Secondly, this huge population size means that jobs are not at all easy to come by (and I thought I was having a hard time in Perth!). This is where what I like to call ‘random job creation’ comes into play. Basically, this involves menial, unnecessary tasks being invented for the sole purpose of generating some form of (measly) income for the masses. The first one that springs to my mind is the ever-ready, ever-orange-jacketed tukang parkir (parking attendant). S/he (I’ve never seen a female tukang parkir before but am told they do exist) will hand you a paper ticket when you park your motorbike/car in front of a shop, warung etc, and upon your return you are expected to pay Rp. 500-1000 (around 15 cents) for the privilege of parking on the edge of the road or pavement (and not having your bike stolen!). If you are lucky you will be directed into the oncoming traffic with the aid of a lot of whistle-blowing and complex hand actions.
The next category of ‘random job creation’ can be witnessed at the shops/supermarket. You know how in Australia, when buying groceries for example…packaging, payment and weighing is usually done through the one person? Well not so here. Those 3 tasks can be divided amongst at least 10 people. This is where the infamous pakai nota (literally means ‘using a note’) comes into play! I.e. being given a small written bill from the salesperson responsible for the section you’re in, which you must then take to a centralised cashier for payment.

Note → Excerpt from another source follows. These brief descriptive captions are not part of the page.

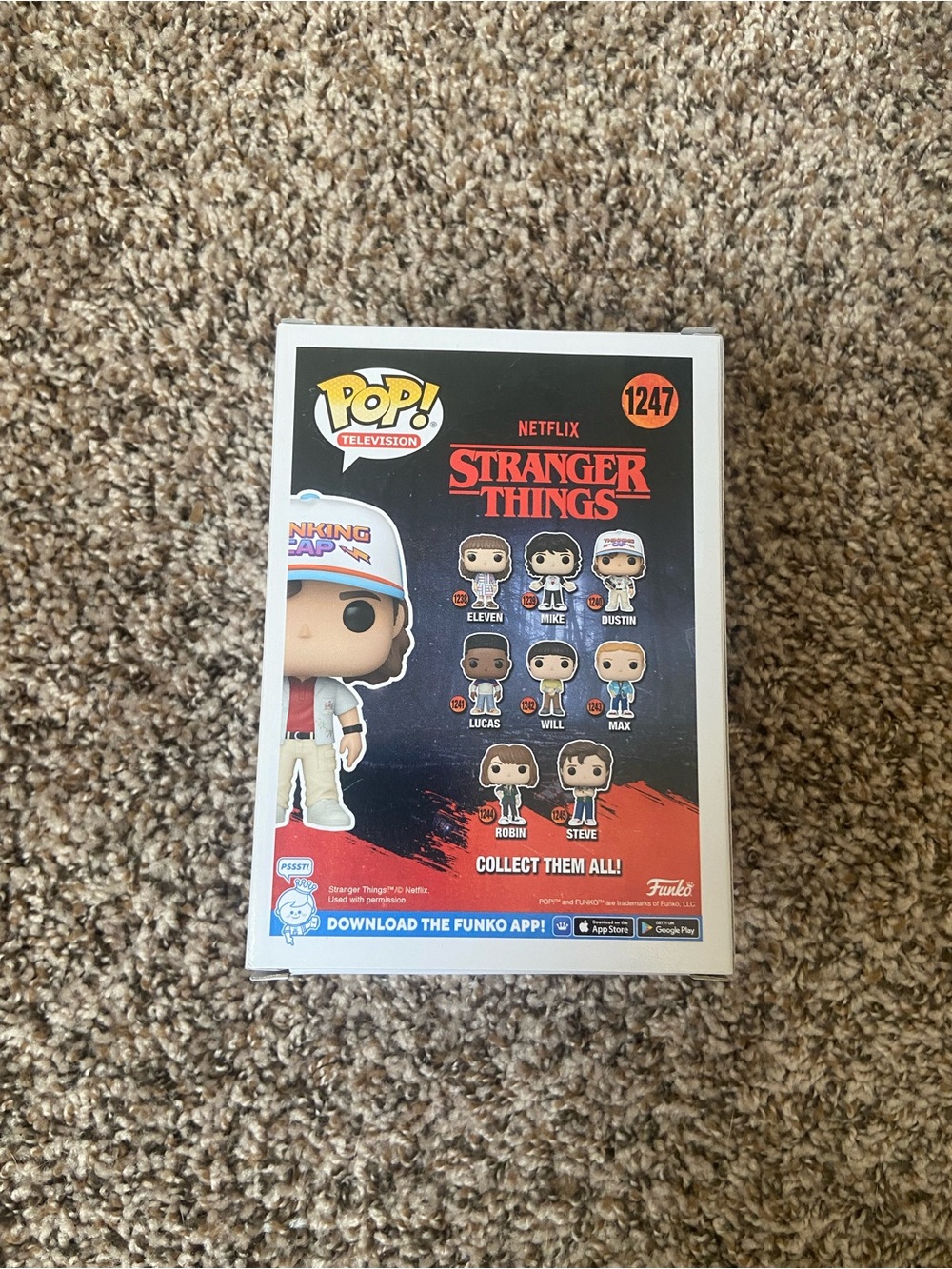 Funko Pop! Dustin in Thinking Cap — Special Edition - Picture 3 of 6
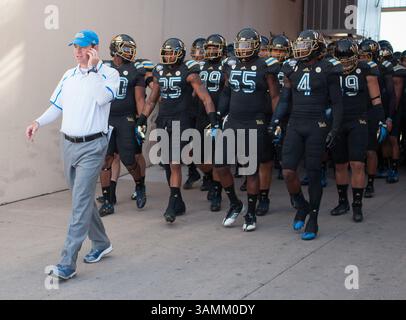 Dec. 31, 2013 - El Paso, TX, États-Unis d'Amérique - 31 décembre 2013 El Paso, TX...L'entraîneur-chef de l'UCLA Jim Mora mène les Bruins sur le terrain. Les Bruins de l'UCLA ont battu les Virginia Tech Hokies 42-12 le mardi 31 décembre 2013 au Hyundai Sun Bowl à El Paso, Texas. (Crédit obligatoire : Juan Lainez / MarinMedia.org / Cal Sport Media) (photographe complet, et crédit requis)(crédit image : © Juan Lainez / Marinmedia. Org / Cal Sport Media / Cal Sport Media / ZUMAPRESS.com) Banque D'Images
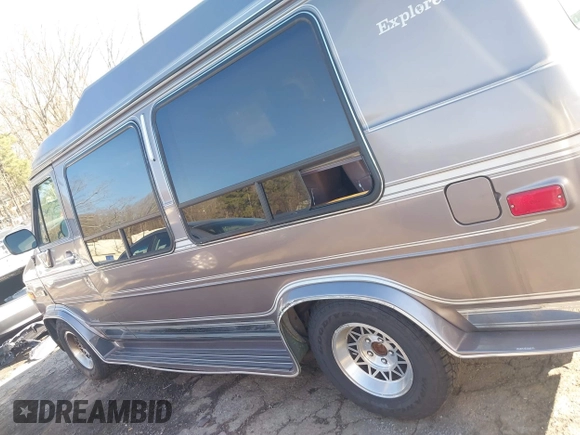 1993 GMC Vandura z VIN 1GDEG25KXPF515274, wystawiony jako IAAI lot #41663966 z przebiegiem 112 288 mil mil oraz . Historia ofert i sprzedaży dostępna na DreamBid. Obrazek 14.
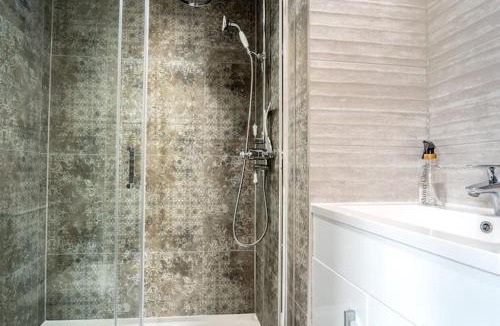 Harlow House | 5 Bed Farmhouse Suitable for Contractors Private Parking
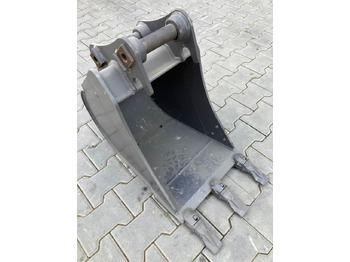 Retroescavadeira VOLVO FE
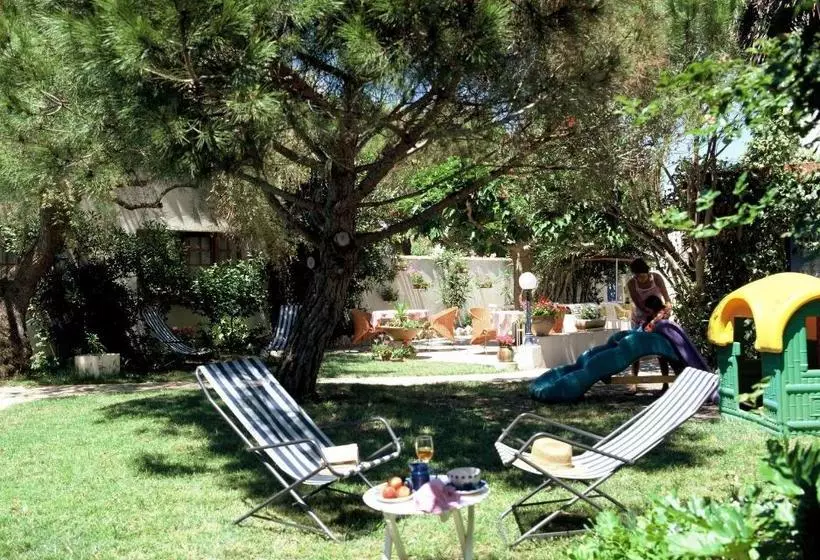 בית מלון כפרי Hôtel Le Mirage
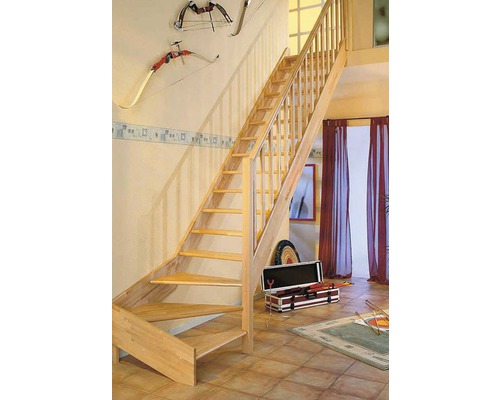 Holztreppe mit Geländer in einem Wohnraum mit Dekorationen.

By way of example, I went to buy a hole-punch yesterday. Upon locating the hole-punch, I took it to the cashier where I thought I could purchase it. Not so. I’d temporarily forgotten how the system ‘works’ here!!! Aduh! First I was directed downstairs to the pakai nota counter. This is where ‘the writing on a note-sized piece of paper of the item/s purchased’ took place; upon which the item was removed from my grasp and momentarily disappeared. I then took my little piece of paper to another counter where I was expected to pay for the item. After that I was pointed in the direction of yet another counter, at which point I was finally able to collect my newly purchased hole-punch. Sometimes there is even an additional step added here (my personal favourite actually), which involves the item being lowered down by bucket from the second level…even if you initially found it on the first level. But hang on…think it’s over yet?? Ha! Just when you think you’ve made it home-free, you are accosted by ‘The Stapler’ – this is the person assigned to staple the top of your plastic shopping bag together (in case your purchased item tries to make a run for it?!) Finally, you are homebound. “Job creation – turning one job into 10.” I’m exhausted just writing about it!